President Bush declined to mention Hurricane Katrina in his State of the Union address last week. On the one hand, duh. Blogs, newspapers, Sunday-morning talk shows, protesters, people in bars, radio call-in shows, presidential candidates, Academy Award nominees—everyone is consumed with the war in Iraq, and if Bush didn't follow suit, he'd look even further out of touch than he is. Imagine, though, if Bush had been able to offer proof that the federal government was on its way to repairing the damage and compensating for its incompetence in the wake of Katrina. Rebuilding a city should be a piece of cake, compared to snuffing out a civil war.
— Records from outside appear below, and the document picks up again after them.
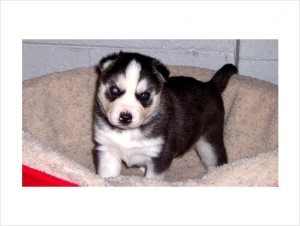 Blue Eyed Siberian Husky Puppy!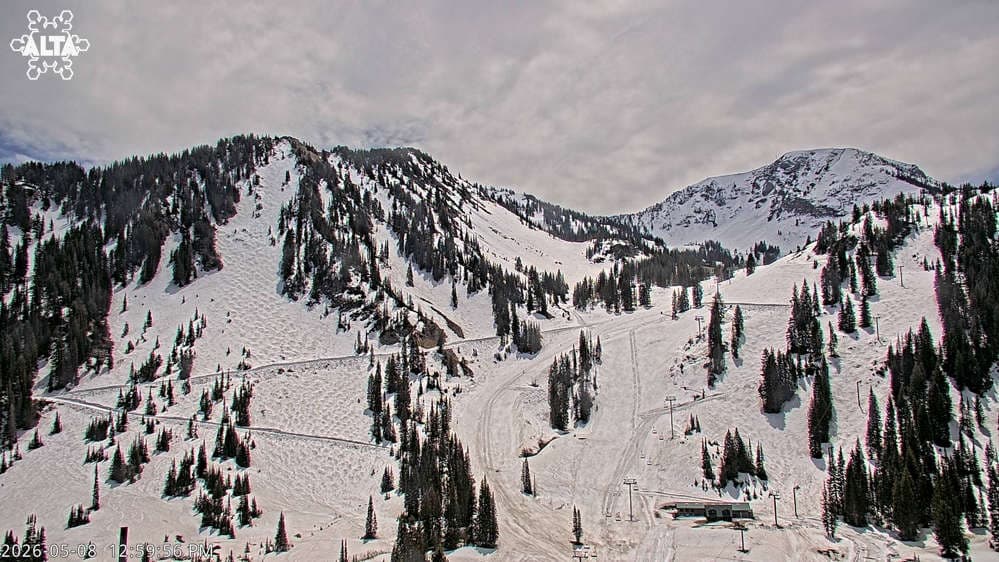 Alta Ski Area - High Rustler Mountain webcam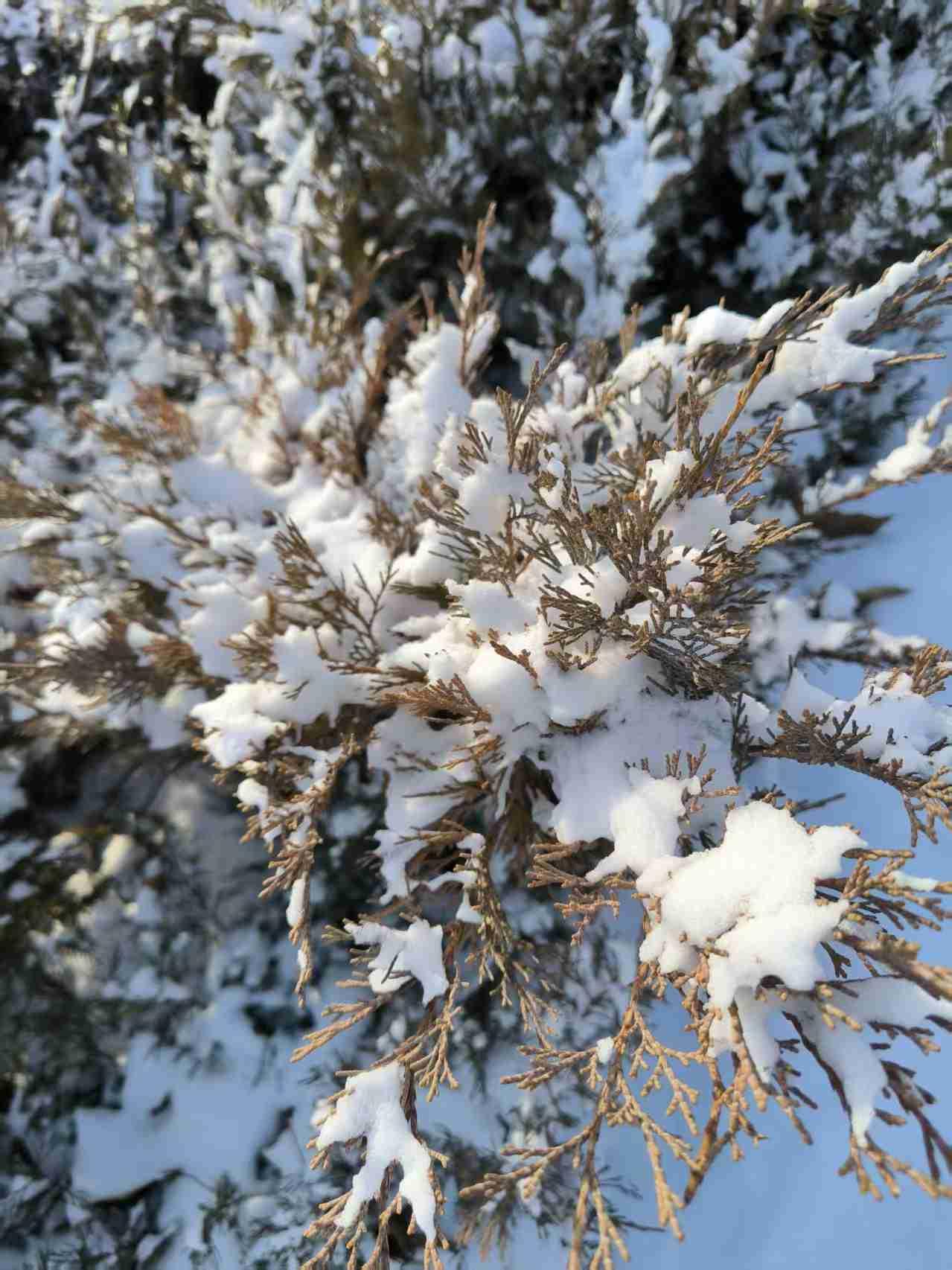 我的今日状态：😁轻松愉快
我这里的天气：☁️阴天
Except. When the Levees Broke, Spike Lee's massive and gripping four-act documentary on the aftermath of Hurricane Katrina, makes it clear that this was no straightforward storm. Katrina didn't drown New Orleans; the flooding of the city was a product of faulty levee design by the Army Corps of Engineers. Less freely acknowledged is the fact that the levees are themselves a monumental act of human arrogance, keeping a below-sea-level bowl of human dwellings only intermittently dry throughout the city's history. But even this arrogance can't compare with the criminal disinterest and neglect displayed by the federal government following the storm.
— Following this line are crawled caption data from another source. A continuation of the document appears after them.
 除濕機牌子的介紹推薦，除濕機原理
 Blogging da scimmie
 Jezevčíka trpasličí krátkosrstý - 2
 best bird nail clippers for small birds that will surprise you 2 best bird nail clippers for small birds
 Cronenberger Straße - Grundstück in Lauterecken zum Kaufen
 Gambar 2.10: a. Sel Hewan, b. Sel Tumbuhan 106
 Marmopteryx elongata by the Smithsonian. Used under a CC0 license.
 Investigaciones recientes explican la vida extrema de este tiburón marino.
When the Levees Broke has plenty of time for reporting the soul-crushing facts about Hurricane Katrina. It's a chronological compilation of seemingly every second of footage shot during the storm, the subsequent flooding, and the excruciating stasis while stranded people baked on their roofs or in the Superdome or on a highway to nowhere, waiting on FEMA. Lee interviews the surprisingly timid Governor Kathleen Blanco, the heartfelt but slimy Mayor Ray Nagin, the loose-cannon police chief who spread unfounded rumors about raped babies—but for emotional impact, he relies on the testimony of ordinary New Orleanians like angry, vivacious Phyllis Montana LeBlanc of the Lower Ninth Ward, whose experience and opinions form the movie's spine. (There's also one pointless interview with Sean Penn.) Two white interviewees were among the pedestrians who tried to walk out of New Orleans over the Crescent City Connection, only to be halted by armed policemen. Everyone's story is equally shocking.
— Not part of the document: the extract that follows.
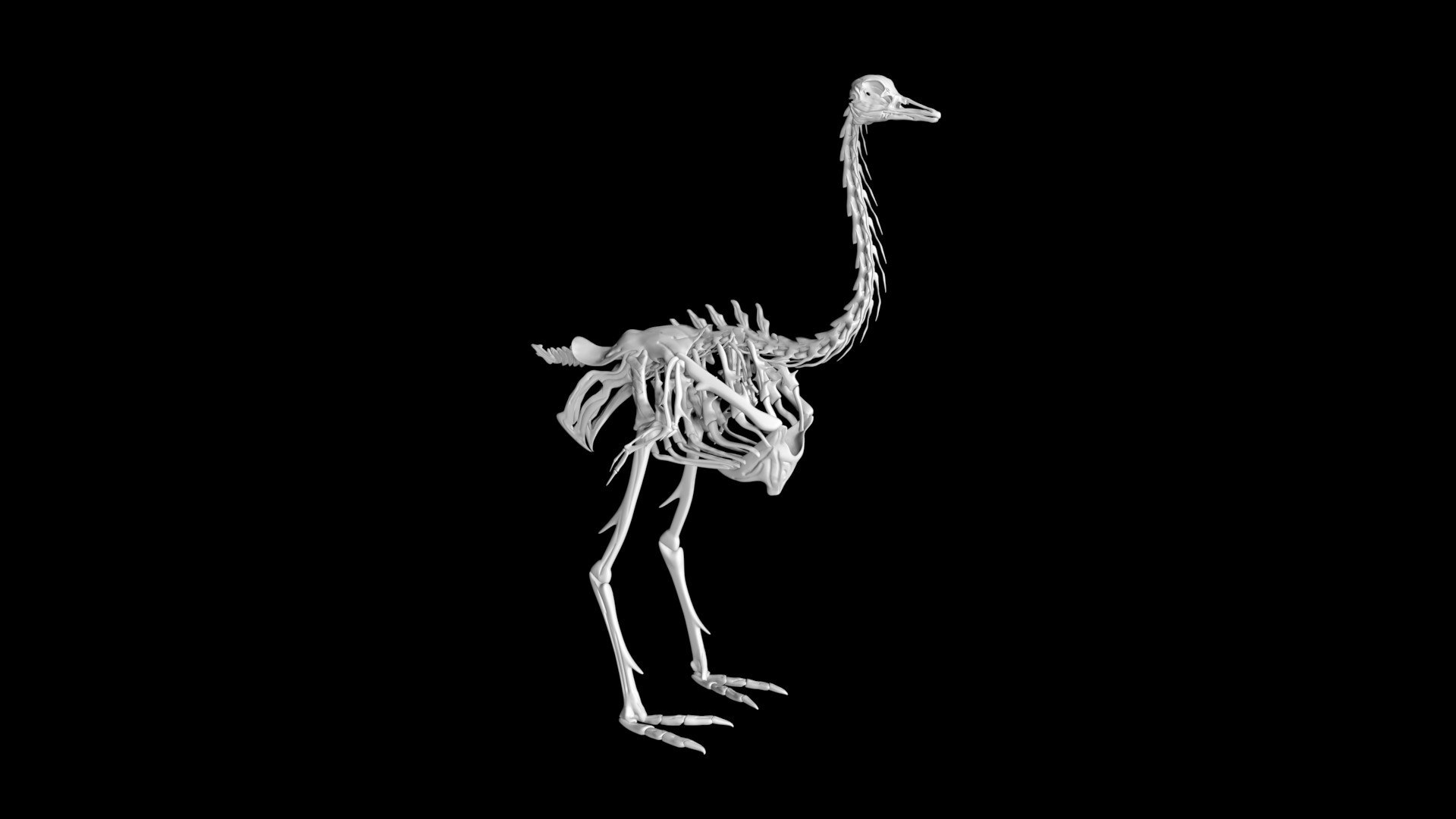 ostrichskeleton1.jpg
But what's even more fascinating is the evenhanded way the documentary deals with the long cultural memories the storm dredged up. The way families are recklessly split in the rush to get people out of the city reminds some of the way slave families were separated at the auction block. The sound of the levees bursting recalls for others the deliberate dynamiting of the levees in 1927 to flood some neighborhoods and save the city center. Lee doesn't elaborate on these analogies, allowing them to idle heavily like unexploded dynamite at the center of the film. Viewers may receive these scenes however they prefer: as charged metaphors or plain examples of history repeating itself.